Inoltre, il Pnrr stanzia circa 1,5 miliardi di euro, per gli anni dal 2022-2026, sulla Missione 2, Componente 1, Investimento 2.2 ‘Parco agrisolare’. Proprio negli ultimi giorni dello scorso anno è stato emanato il decreto direttoriale con l’elenco dei destinatari ammessi a finanziamento per la misura, facendo così conseguire al ministero dell’Agricoltura e Sovranità alimentare e forestale il primo target europeo in scadenza a fine 2022. Il Decreto assegna risorse per un valore di 451 milioni di euro circa, pari al 30% della dotazione finanziaria totale della misura, che ammonta a 1 miliardo e mezzo di euro. “Per il Masaf e per il governo Meloni questa è senz’altro una buona notizia – ha commentato il ministro dell’Agricoltura, Francesco Lollobrigida -, al tempo stesso però ci sono degli aspetti su cui occorre un cambio di prospettiva. In seguito al conflitto russo-ucraino, infatti, sono emerse carenze energetiche che ci devono indurre a ripensare il vincolo di autoconsumo. Ciò dipende dal fatto che nella fase in cui il Pnrr venne progettato le condizioni erano radicalmente diverse da quelle attuali”.
Per il responsabile del dicastero “oggi l’esigenza è concentrarsi sulla massima produzione possibile da immettere nella rete.
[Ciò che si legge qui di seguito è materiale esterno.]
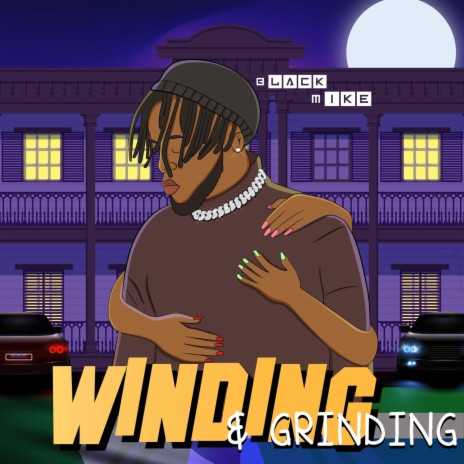Winding & Grindin | Boomplay Music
Per questo motivo, il Masaf ha proposto un meccanismo per consentire alle imprese agricole o agroalimentari dotate di impianti fotovoltaici di conservare ‘virtualmente’ l’energia prodotta in eccesso riutilizzandola nei periodi di maggiore richiesta energetica delle proprie attività”.

Dal punto di vista degli agricoltori, però, la strada da percorrere è ancora lunga, ma non impraticabile. Anzi. “L’agricoltaico in Italia è ‘questo grande sconosciuto’, perché non ci sono tante esperienze. È chiaro che si tratta di un’opportunità per la transizione ecologica e soprattutto per cercare di dare un contributo, da parte degli agricoltori, alla transizione energetica sempre più green”, ha detto a GEA il presidente della Confederazione italiana agricoltori (Cia), Cristiano Fini. Spiegando che “deve diventare una vera e propria opportunità per gli agricoltori e non per altri soggetti che stanno cercando di intervenire per accaparrarsi terreni, avere a disposizione la possibilità di fare investimenti non per l’agricoltura, non per gli agricoltori ma per gli interessi legati a multinazionali piuttosto che ad altri soggetti. Per noi l’Agrivoltaico diventerà (e deve diventare) un’opportunità nel momento in cui viene calato su misura per le aziende agricole.

Fini, però, punta l’attenzione su un aspetto importante: “Abbiamo bisogno di fare maggiore divulgazione rispetto a questa tecnica, di dare maggiori garanzie e certezze all’agricoltore altrimenti non riusciranno o non potranno fare gli investimenti e abbiamo bisogno anche di un sostegno creditizio adeguato nei confronti di agricoltori che hanno intenzione di percorrere questa strada”. In questo senso il Pnrr è una spinta importante, perché si tratta di risorse assolutamente importanti che non dobbiamo disperdere ma utilizzare e investire”, ha avvisato il numero uno di Cia. Sottolineando allo stesso tempo che “lo possiamo fare solo se c’è un sostegno creditizio che ci consenta di fare gli investimenti; e se ci sarà una migliore e maggiore conoscenza di questa tecnica, che è assolutamente condivisibile. Perché riesce a coniugare la transizione energetica con le tecniche colturali agricole e, quindi, può dare un’ulteriore possibilità di reddito anche alle aziende agricole”.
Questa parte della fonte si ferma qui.